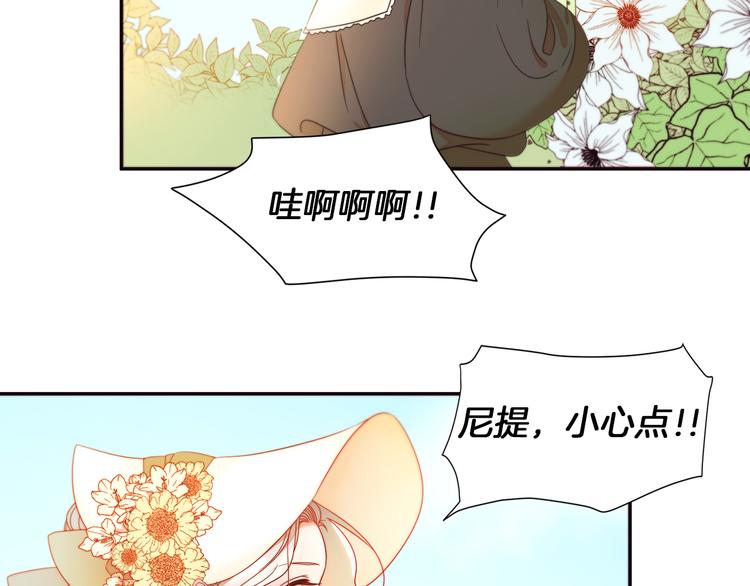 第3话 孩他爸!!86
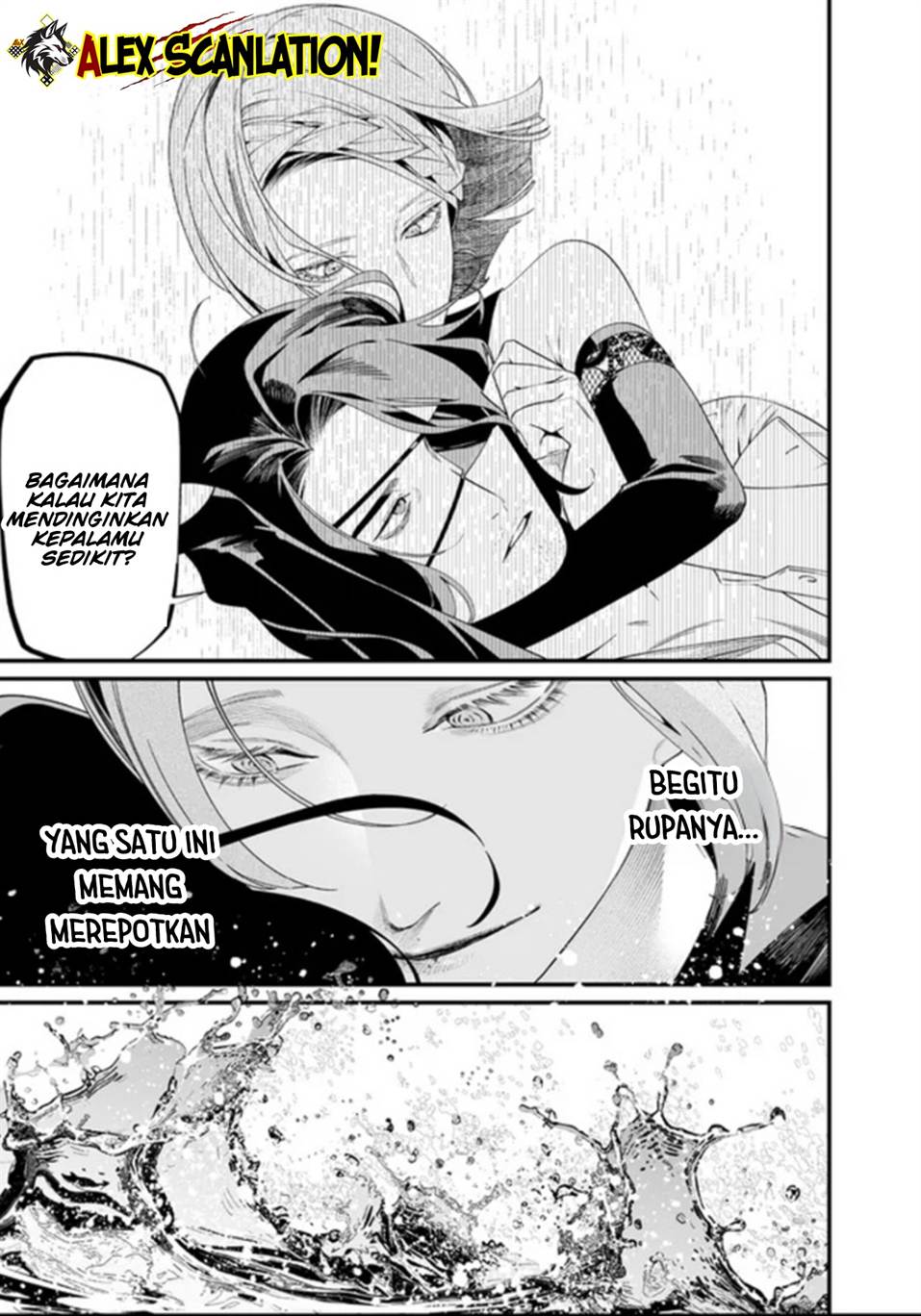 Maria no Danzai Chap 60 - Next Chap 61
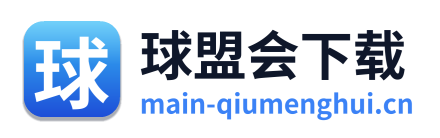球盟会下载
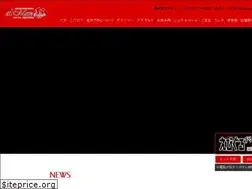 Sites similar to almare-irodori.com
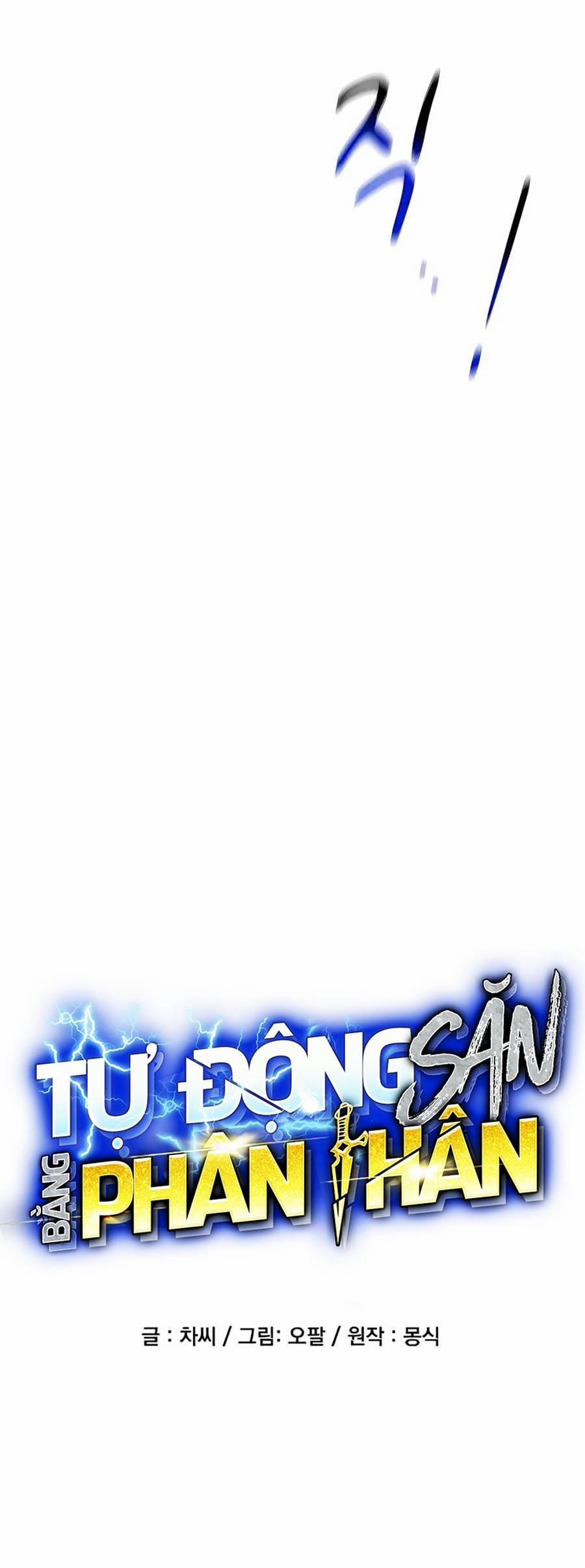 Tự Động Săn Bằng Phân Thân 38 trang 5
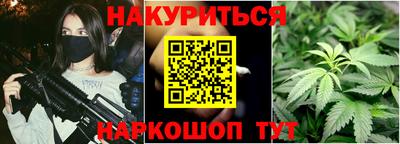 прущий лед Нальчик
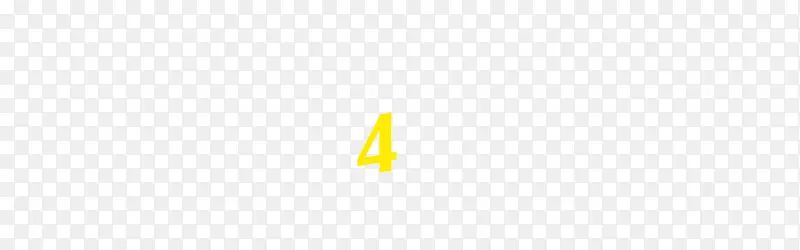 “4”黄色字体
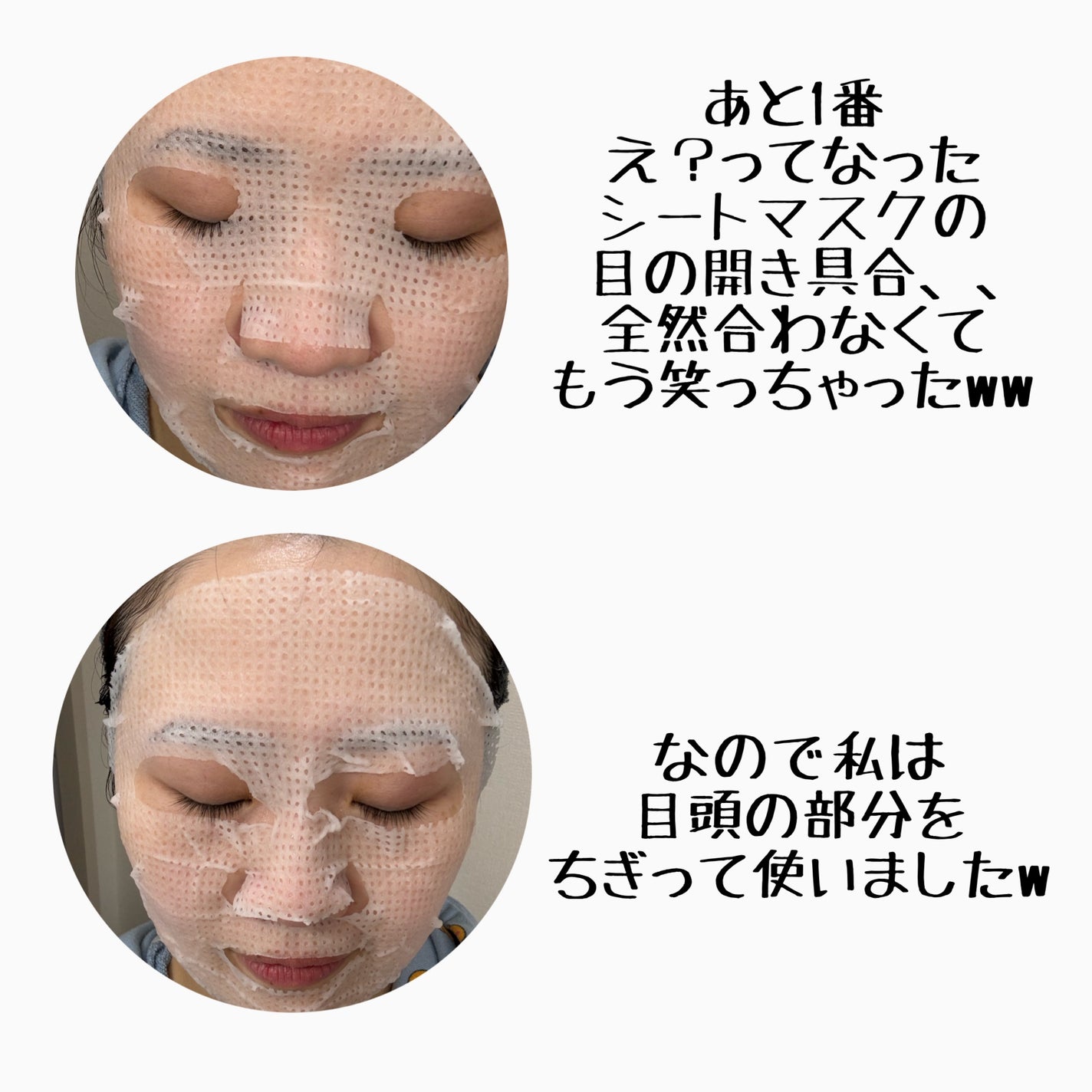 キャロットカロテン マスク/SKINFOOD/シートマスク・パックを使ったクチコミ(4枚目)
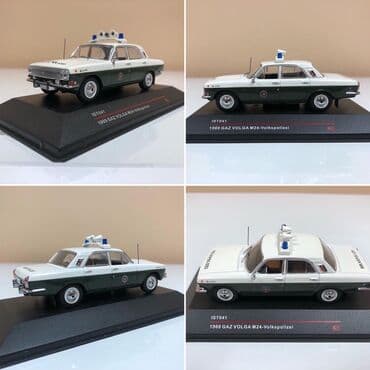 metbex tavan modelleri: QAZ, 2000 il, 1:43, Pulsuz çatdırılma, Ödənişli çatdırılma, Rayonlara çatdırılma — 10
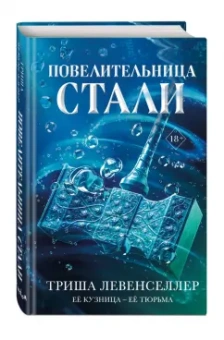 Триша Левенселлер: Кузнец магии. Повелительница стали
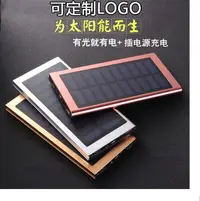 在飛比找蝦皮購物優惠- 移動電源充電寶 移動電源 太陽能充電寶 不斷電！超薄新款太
──────
WORK ORDER
Drop the pictures, then write out only the lines running from the one containing "Maria no Danzai Chap 60 - Next Chap 61" through the last line above, both included, exactly.

EXERCISE OUTPUT
 Maria no Danzai Chap 60 - Next Chap 61
球盟会下载
 Sites similar to almare-irodori.com
 Tự Động Săn Bằng Phân Thân 38 trang 5
 прущий лед Нальчик
 “4”黄色字体
 キャロットカロテン マスク/SKINFOOD/シートマスク・パックを使ったクチコミ(4枚目)
 metbex tavan modelleri: QAZ, 2000 il, 1:43, Pulsuz çatdırılma, Ödənişli çatdırılma, Rayonlara çatdırılma — 10
 Триша Левенселлер: Кузнец магии. Повелительница стали
 在飛比找蝦皮購物優惠- 移動電源充電寶 移動電源 太陽能充電寶 不斷電！超薄新款太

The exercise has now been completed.